Tweets from Clinton and her aides are the sample from the same distribution.

Solution

Merge two samples and treat it as population, then do resample (no replacement) within this population. If the original two samples are from the same distribution, then the difference between these two resamples should not have statistical difference from the original two samples' difference.

# This one expand distribution into population
def expand_counts(source_counts):
    return np.repeat(np.arange(len(source_counts)), source_counts)

# This calculate tvd
def tvd(sample0, sample1):
    return 1/2*sum(np.abs(sample0/sum(sample0) - sample1/sum(sample1)))

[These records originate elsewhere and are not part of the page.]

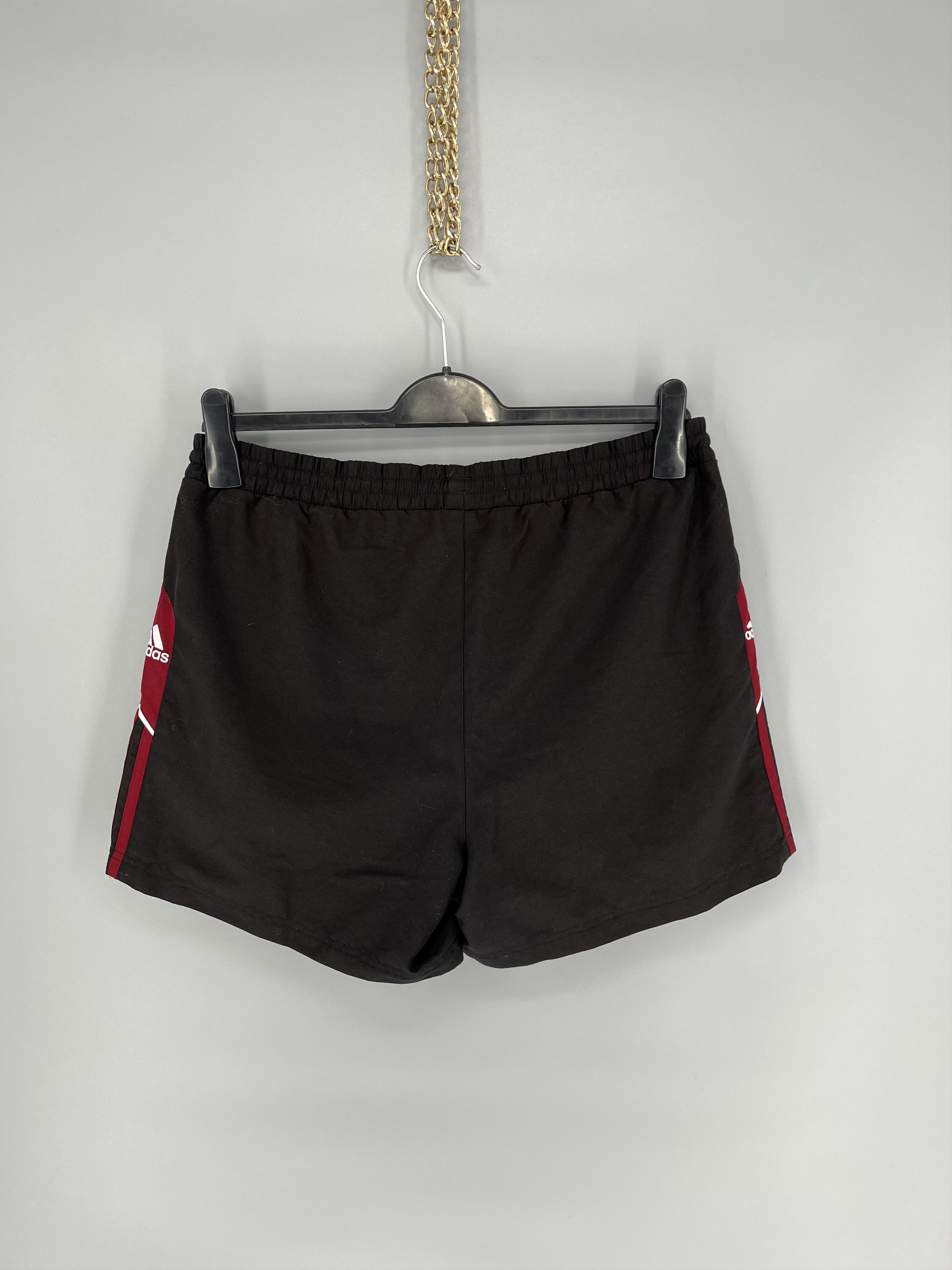 Adidas 90s Vintage Adidas Black Nylon Mini Logo Shorts Travis Style Size US 34 / EU 50 - 10 Thumbnail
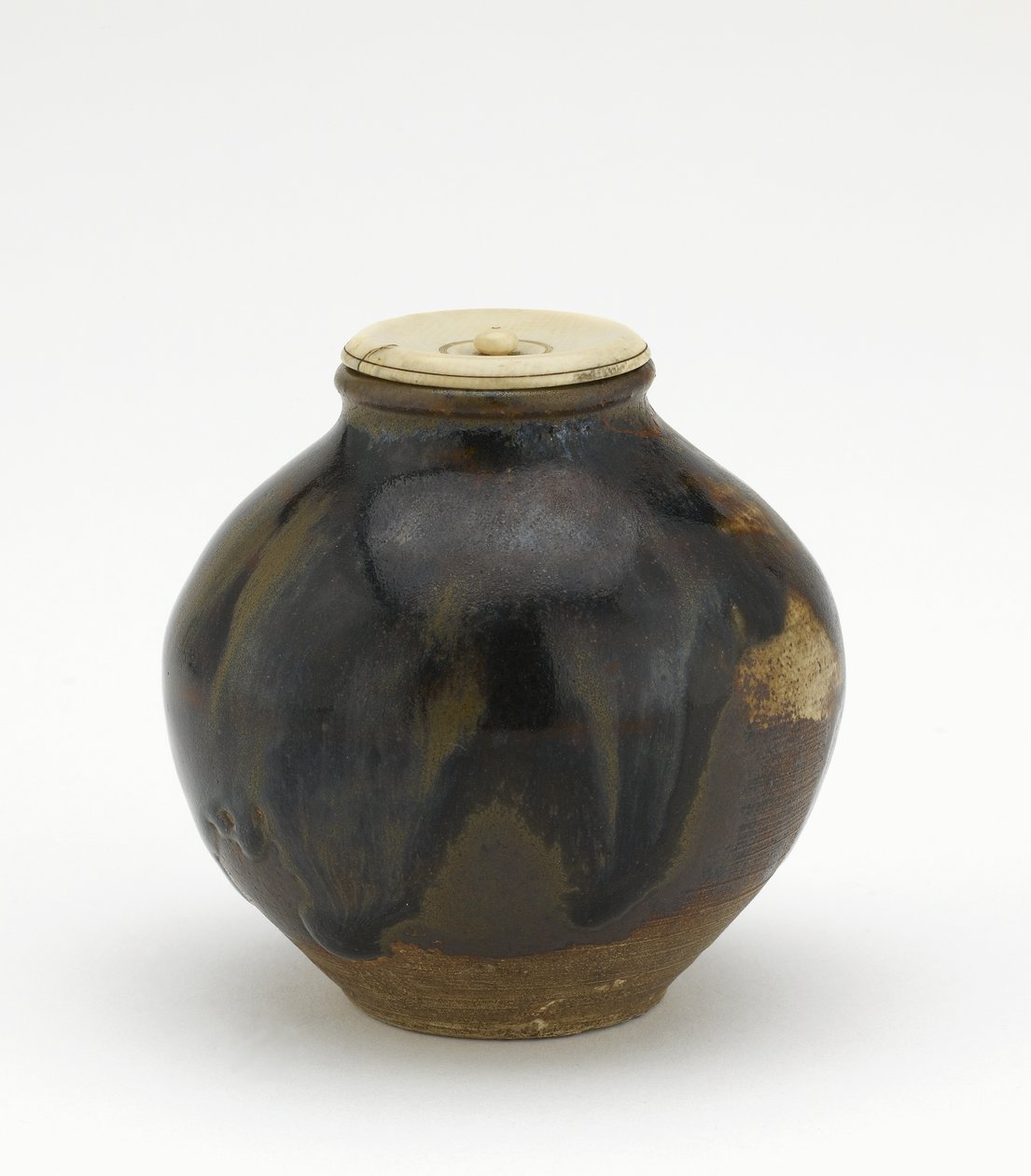 Tea caddy, bunrin forma, Edo korszak (kerámia) alkotó: Japanese School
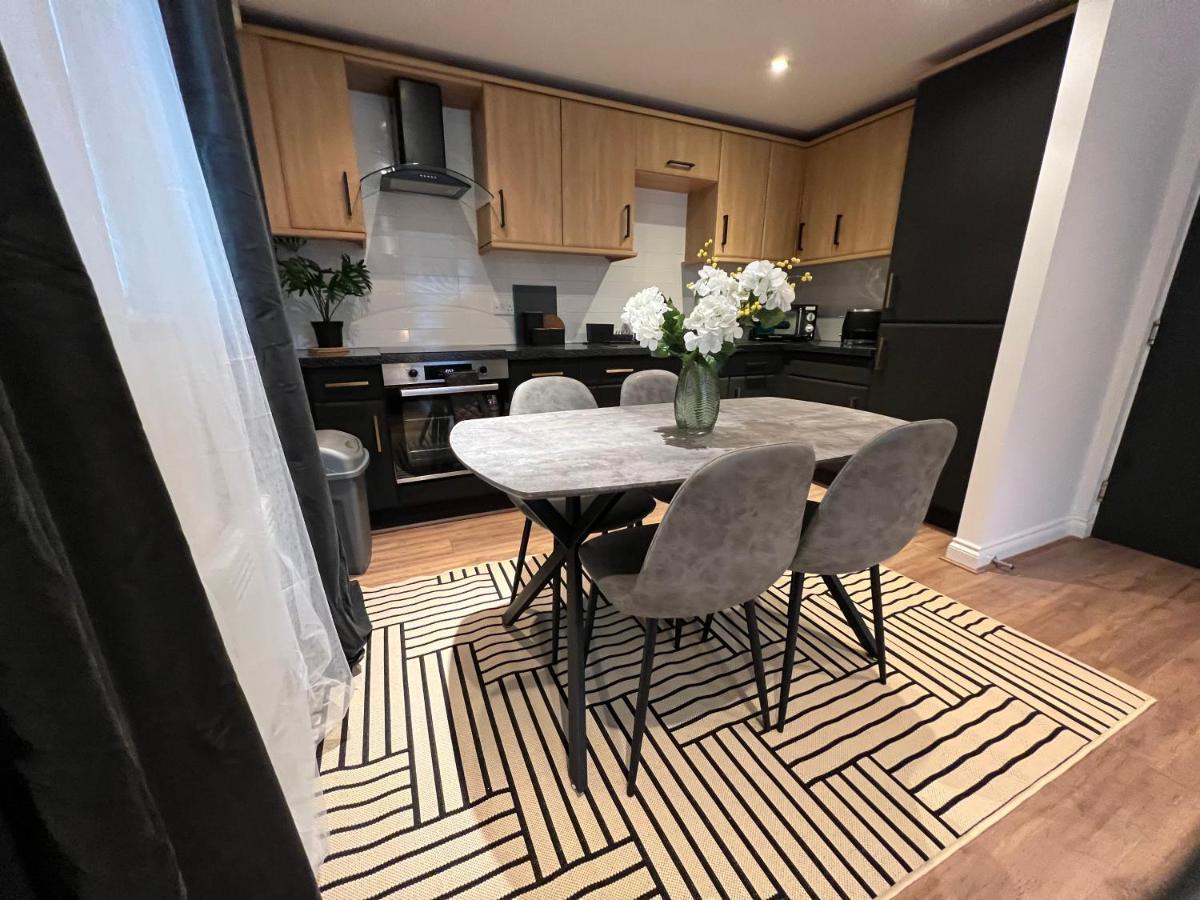 Modern 2 Bedroom Aesthetic Apt Manchester Buitenkant foto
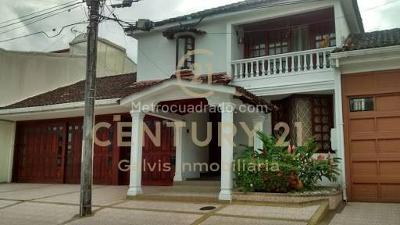 Casa de 3 alcobas en venta en Buque, Villavicencio, 288 m² · foto 2 de 9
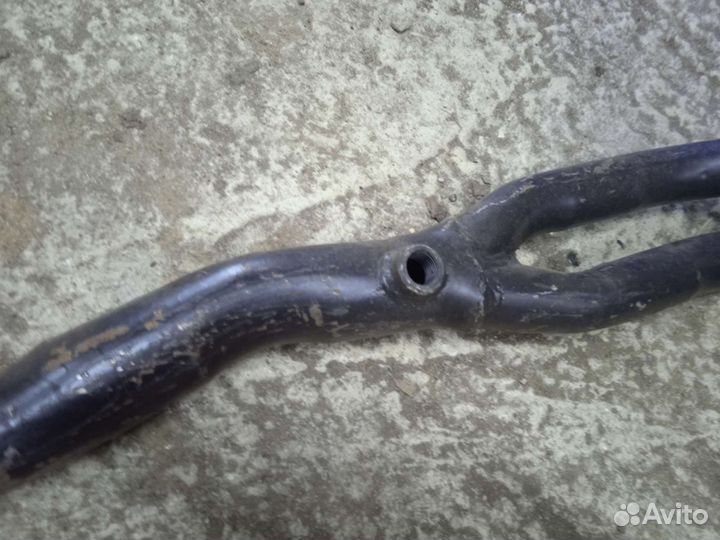 Труба приемная ваз-21214 под датчик новая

def testing(sample0, sample1, iter=100000):
    first = expand_counts(sample0)
    second = expand_counts(sample1)
    population = np.append(first, second)
    
    tvds = []
    for _ in range(iter):
        shuffled = np.random.permutation(population)
        a = np.bincount(shuffled[:len(first)], minlength=len(first))
        b = np.bincount(shuffled[len(first):], minlength=len(first))
        tvds.append(tvd(a,b))
    
    actual_tvd = tvd(sample0, sample1)
    return np.count_nonzero(np.array(tvds) > actual_tvd) / iter

testing(clinton_pivoted["True"], clinton_pivoted["False"], 100000) == 0.00133

Q11

Bayes' rule

Problem

Let random variables $$ C = tweet\ by\ Clinton $$ and $$ W = tweet\ from\ web\ client $$, object is to know $$ P(C|W) $$

Solution

From Bayes' rule, we know that $$ P(C|W) = \frac{P(C,W)}{P(W)} $$

wc = "Twitter Web Client"

# We get P(C,W) here
tweet_by_clinton_and_tweet_in_wc = clinton_pivoted[clinton_pivoted.index == wc]["True"].iloc[0] 

# We get P(W) here
tweet_in_wc = clinton_pivoted[clinton_pivoted.index == wc].sum().sum()

# P(C,W) / P(W)
probability_clinton = tweet_by_clinton_and_tweet_in_wc / tweet_in_wc

Q12-17

Copy paste

Nothing new comparing to Q1-Q9

Just change Clinton to Trump

Q18

Can we deduce results from small samples?

Problem

There are no retweets sent from Trump's aides using Android. Can we say that Trump's aides never retweet on Android?

Note

Bootstrap mentioned in the question is misleading. The essence of this problem is that: can we draw a conclusion based on limited samples.

The solution

It said that "If we'd seen 1 million retweets by Trump aides, it might be okay to make this conclusion. But we have seen only 177, so the conclusion seems a bit premature.".

My opinion

It depends on the confidence level and confidence interval actually. If you choose 95% confidence level with 10% confidence interval, the sample size required to draw the conclusion is 96.